• _Short text fragments from websites_
###

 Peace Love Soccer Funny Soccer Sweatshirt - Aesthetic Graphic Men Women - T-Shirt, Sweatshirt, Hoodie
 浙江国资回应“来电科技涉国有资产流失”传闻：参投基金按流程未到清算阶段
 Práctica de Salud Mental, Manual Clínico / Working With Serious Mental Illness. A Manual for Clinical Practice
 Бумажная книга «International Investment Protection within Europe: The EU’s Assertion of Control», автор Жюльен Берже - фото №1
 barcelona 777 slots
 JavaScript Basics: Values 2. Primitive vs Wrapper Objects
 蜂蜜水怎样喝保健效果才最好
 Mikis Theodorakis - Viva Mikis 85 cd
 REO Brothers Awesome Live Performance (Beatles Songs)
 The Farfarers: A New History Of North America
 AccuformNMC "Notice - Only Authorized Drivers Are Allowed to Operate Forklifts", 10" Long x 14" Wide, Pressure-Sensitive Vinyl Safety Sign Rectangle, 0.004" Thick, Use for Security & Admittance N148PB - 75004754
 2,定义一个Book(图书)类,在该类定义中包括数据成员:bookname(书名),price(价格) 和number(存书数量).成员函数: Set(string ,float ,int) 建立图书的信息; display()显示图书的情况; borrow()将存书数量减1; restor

###

• _Try it_
As the answer, set down only the lines from the data above between the one holding "Práctica de Salud" and the one holding "JavaScript Basics: Values", inclusive, exactly as they read.

• _Solved exercise_
 Práctica de Salud Mental, Manual Clínico / Working With Serious Mental Illness. A Manual for Clinical Practice
 Бумажная книга «International Investment Protection within Europe: The EU’s Assertion of Control», автор Жюльен Берже - фото №1
 barcelona 777 slots
 JavaScript Basics: Values 2. Primitive vs Wrapper Objects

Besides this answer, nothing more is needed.